Interviewée par FranceInfo, la journaliste Mathilde Fontez, rédactrice en chef du magazine scientifique Epsiloon, suppose que l’intensité de l’explosion serait liée à la profondeur du volcan, dont le cratère est immergé à 200 mètres sous la surface de la mer. «Lorsque le magma et les gaz sont remontés, ils ont brutalement rencontré de l’eau, beaucoup plus froide. Et ça a créé un mélange explosif», relève-t-elle. Ce que Jacques-Marie Bardintzeff, volcanologue et professeur à l’Université Paris Saclay, a comparé auprès de Libération à un effet «cocotte minute». «Si la profondeur avait été plus grande, l’eau aurait plutôt eu tendance à étouffer l’explosion», ajoute Mathilde Fontez.

Mais un autre effet attire son attention, ainsi que celui d’autres scientifiques : la propagation de l’onde de choc dans l’atmosphère. Déjà, quelques heures après l’éruption, des amateurs et spécialistes météo pointaient sur les réseaux sociaux une variation de la pression atmosphérique.

Les images de la Nasa, poursuit Mathilde Fontez, présentent des ondes, en vagues de cercles concentriques, encore jamais vues jusqu’à présent. «Il y en a des dizaines. Elles s’étendent sur 16 000 kilomètres autour de l’éruption» dans un mouvement assez confus, recense-t-elle. L’explication de ce phénomène est encore trouble mais, selon les spécialistes, ce pourrait être le résultat d’une grosse bulle d’air chaud venue «renverser l’air».

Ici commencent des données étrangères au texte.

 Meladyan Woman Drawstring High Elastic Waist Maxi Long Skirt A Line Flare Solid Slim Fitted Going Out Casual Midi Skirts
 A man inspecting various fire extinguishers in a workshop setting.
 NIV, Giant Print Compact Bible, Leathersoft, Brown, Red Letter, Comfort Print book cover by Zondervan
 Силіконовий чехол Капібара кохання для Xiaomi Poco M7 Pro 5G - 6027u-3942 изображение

Pour rappel, l’explosion massive du volcan Hunga Tonga-Hunga Ha’apai a craché un champignon de fumée atteignant 40 kilomètres de haut et visible depuis l’espace. Son retentissement a même été entendu à plus de 9 000 km de là, en Alaska. A sa suite, de multiples tsunamis ont déferlé. En plus de Nuku’alofa qui a vu une vague de 1,20 mètre de haut rejoindre ses côtes, 20 personnes ont été évacuées à 2 300 kilomètres de là, en Nouvelle-Zélande. Des vagues d’environ 1,20 mètre ont également frappé la côte pacifique du Japon. Le Pérou a fermé 22 ports par précaution après avoir détecté des «vagues anormales».

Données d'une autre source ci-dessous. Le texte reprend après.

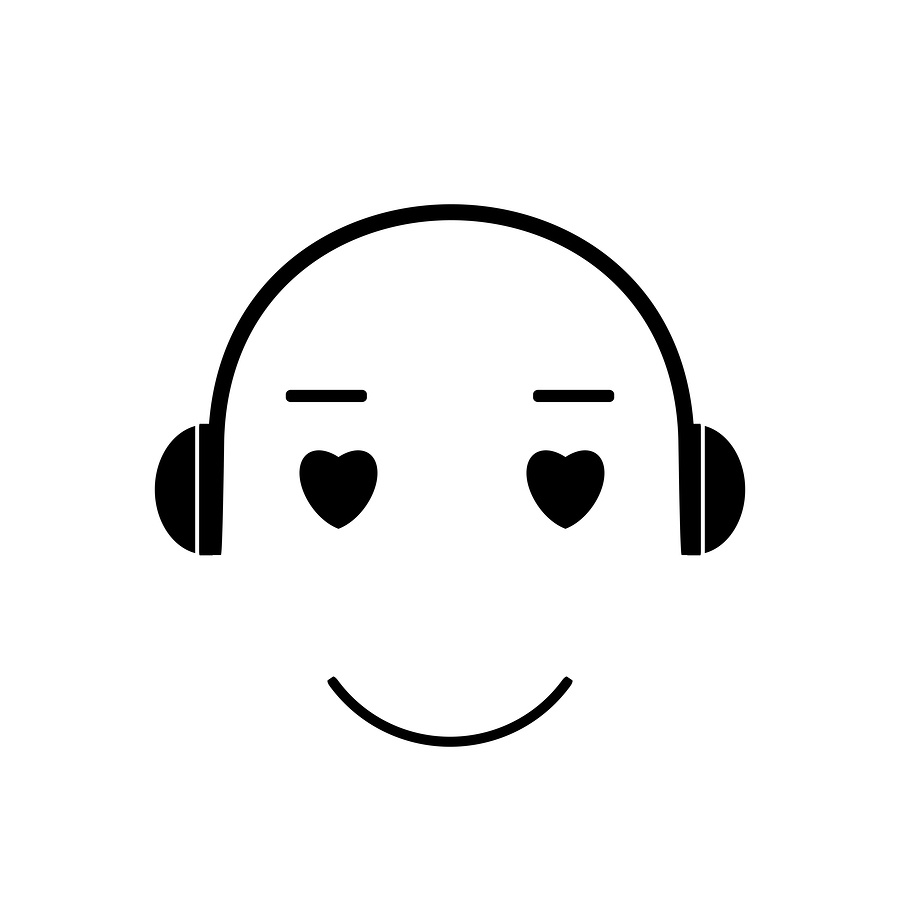 Icon love for music. Face Emoji music lover listens to music with headphones. Emoticon vector illustration. Music icon. Music vector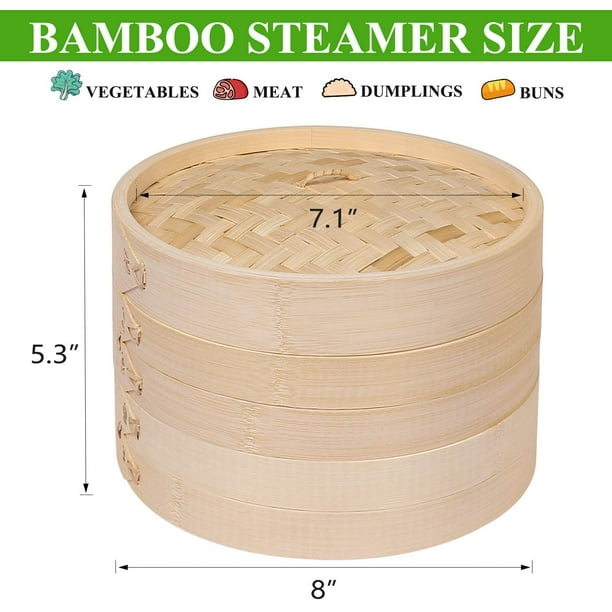 Cuiseur vapeur en bambou 20,3 cm, panier vapeur pour boulettes – Paniers à  deux niveaux – Cuiseur vapeur Bun Bao, Cuiseur vapeur Dim Sum avec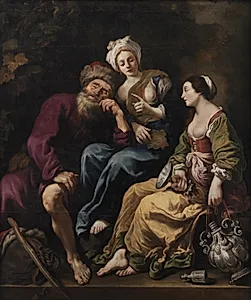 Lot med sine døtre by Claude Vignon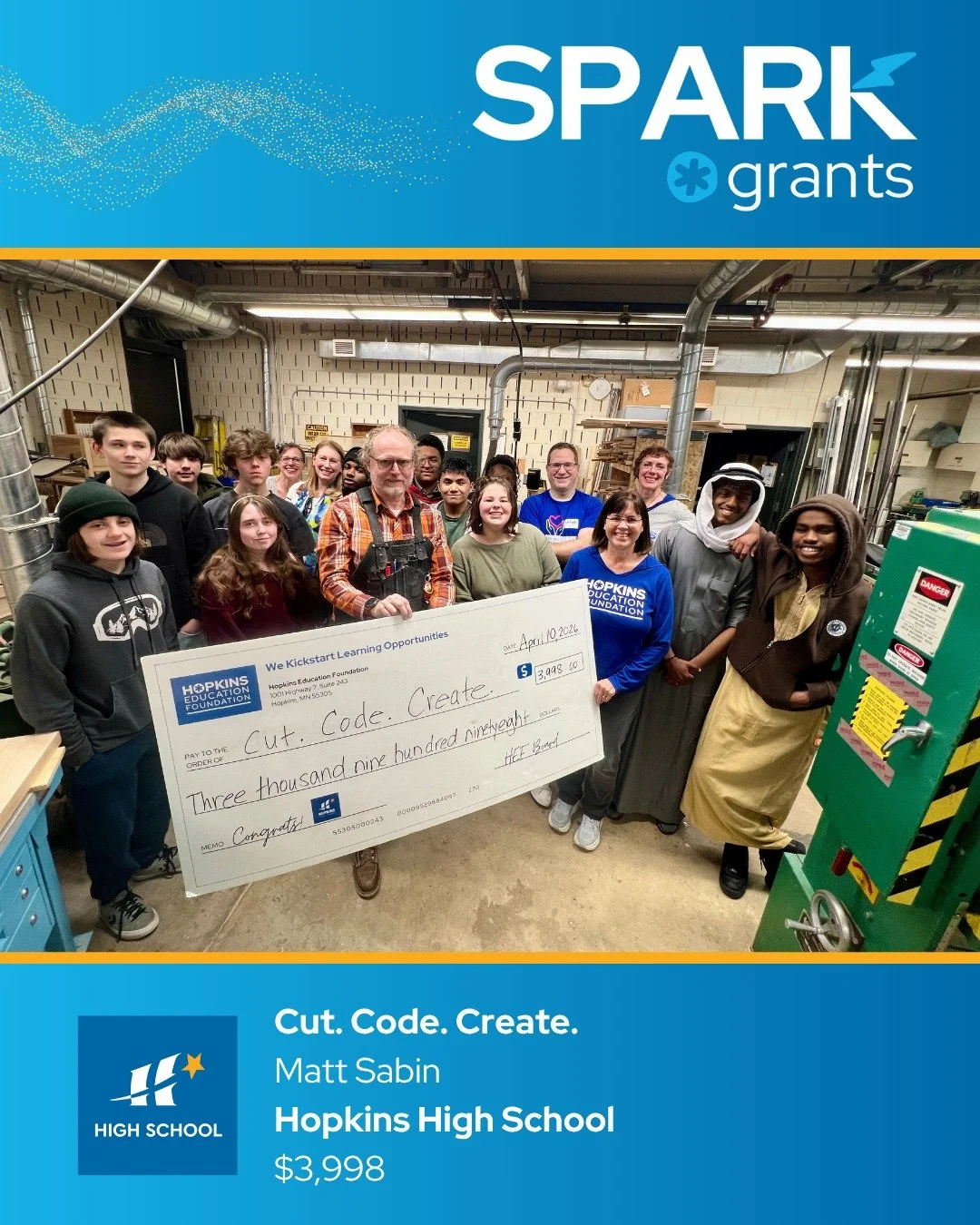 SPARK GRANT SPOTLIGHT
🛠️💻 New tools in @hopkinshigh270 Career &amp; Tech Ed will equip students for modern digital fabrication thanks to teacher Matt Sabin. With a handheld CNC router, learners will design, cut, and iterate&mdash;building CAD/CAM (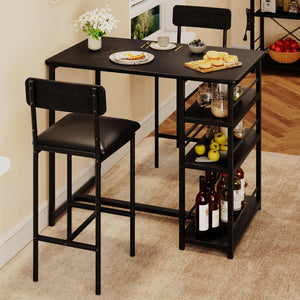 3-Piece Counter Height Dining Table Set with 2 Velvet Bar Stools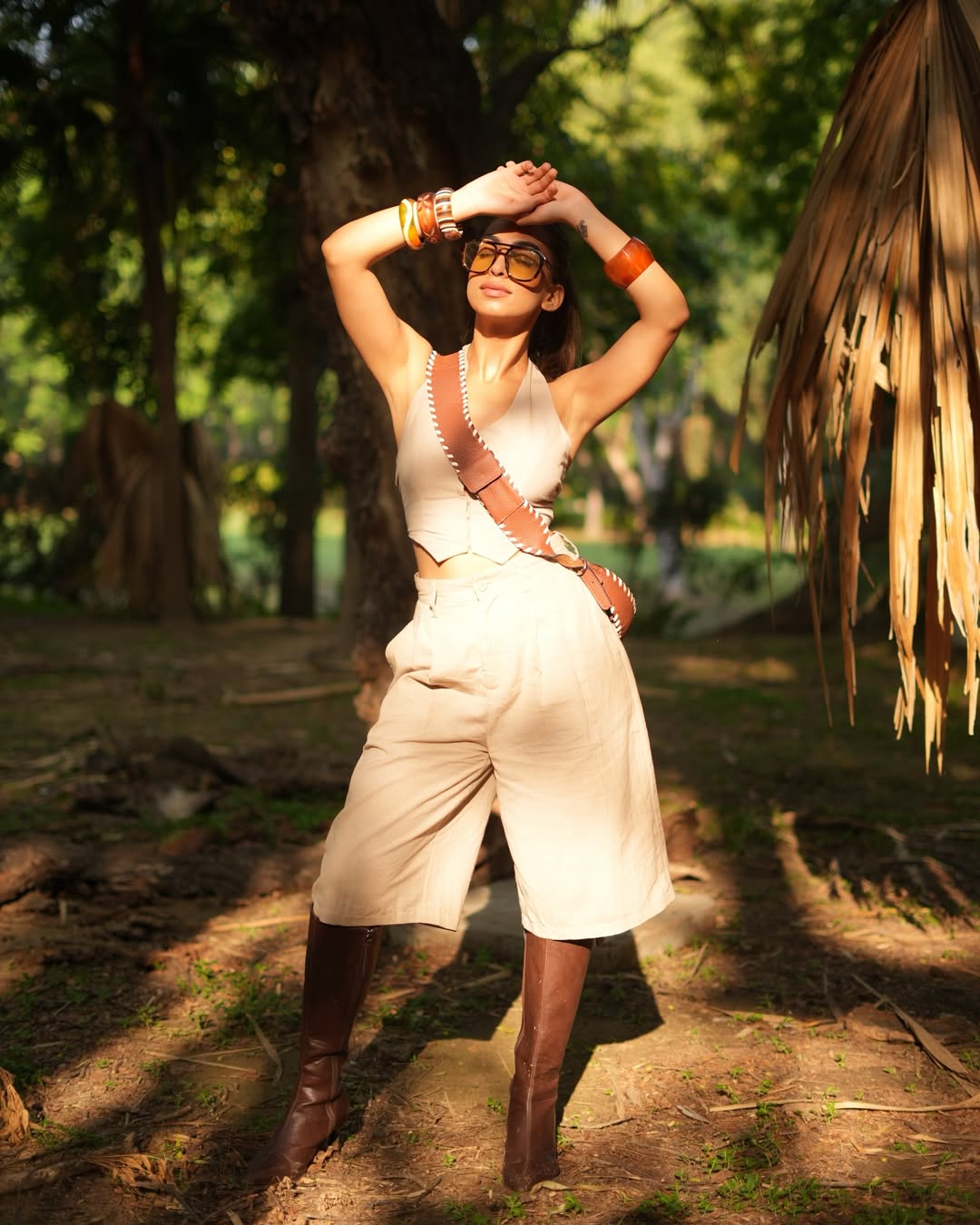 Beige Halter Neck Waistcoat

L’éruption a aussi recouvert d’une couche de cendres toxiques le royaume insulaire qui compte environ 100 000 habitants, empoisonnant l’eau potable, détruisant les cultures agricoles et anéantissant au moins deux villages.

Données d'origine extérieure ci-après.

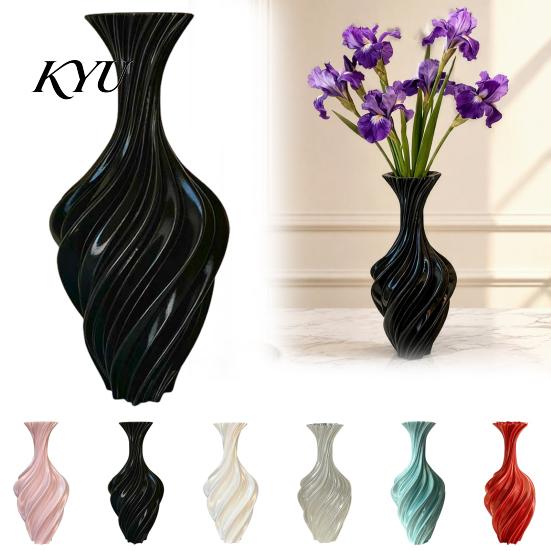 Charmante Heimdekorationsvase 3D-gedruckte Vase, Verdrehtes Wirbeldesign, Minimalistischer Tisch-Pflanztopf zur Stressbewältigung, Hydroponische Blume für Wohnzimmer
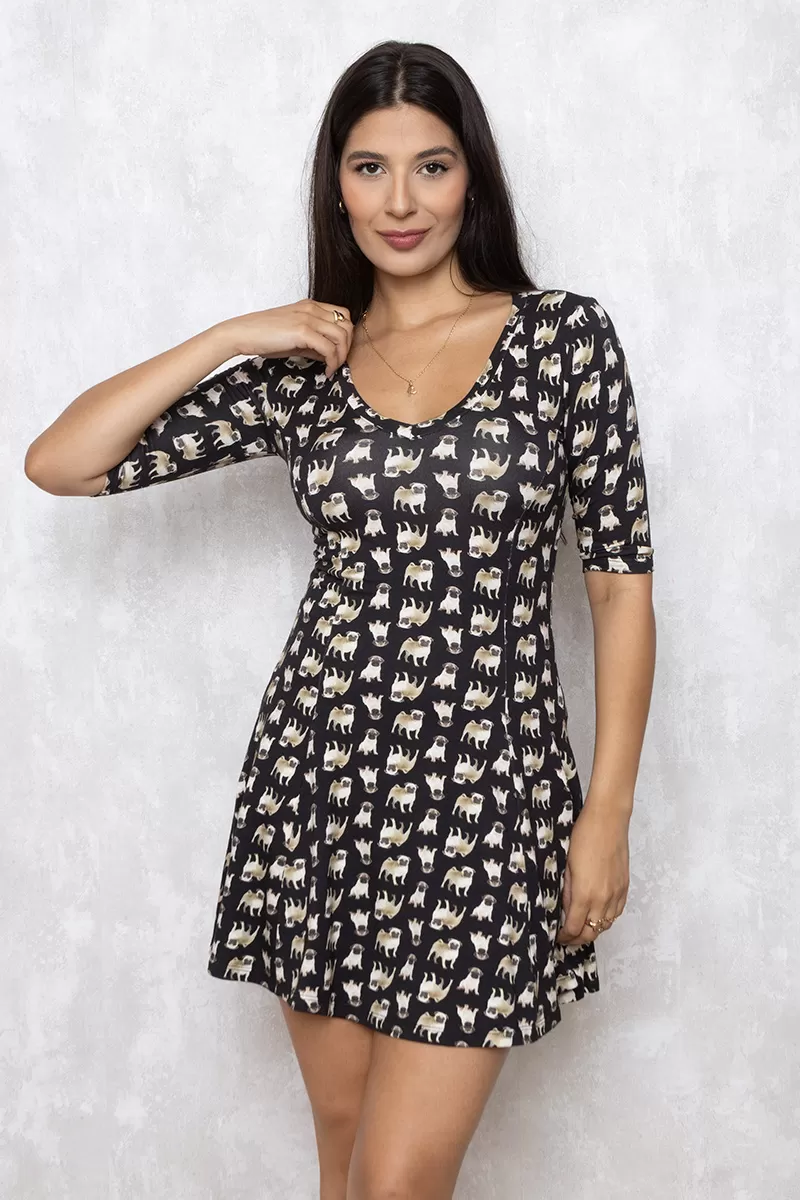  - Groovy Black Print Dress - 10007954
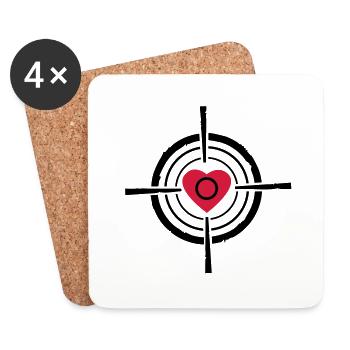 Love target - Coasters (set of 4) - white - Front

Cinq victimes et marée noire

Pour l’instant, au moins trois victimes ont été recensées aux Tonga et deux baigneurs sont morts dans les vagues au Pérou. Une «urgence environnementale» de 90 jours a été annoncée par les autorités péruviennes pour la zone côtière endommagée par le déversement de 6 000 barils de pétrole brut il y a une semaine, une marée noire qui continue de s’étendre et désespère les habitants.

Aux Tonga, l’ampleur des dégâts reste incertaine, les communications étant toujours interrompues. En effet, un câble sous-marin en fibre optique reliant les Tonga à Internet a été sectionné lors de l’éruption d’un volcan. Cité par la BBC, le ministère néo-zélandais des affaires étrangères estime que la réparation des 49 889 km de câble dans le Pacifique Sud pourrait prendre plus d’un mois.

Depuis quelques jours, les forces de défense japonaises, néo-zélandaises et australiennes ont commencé à livrer des secours d’urgence, notamment de l’eau, tout en maintenant de stricts protocoles contre le Covid-19 pour préserver l’archipel de la pandémie.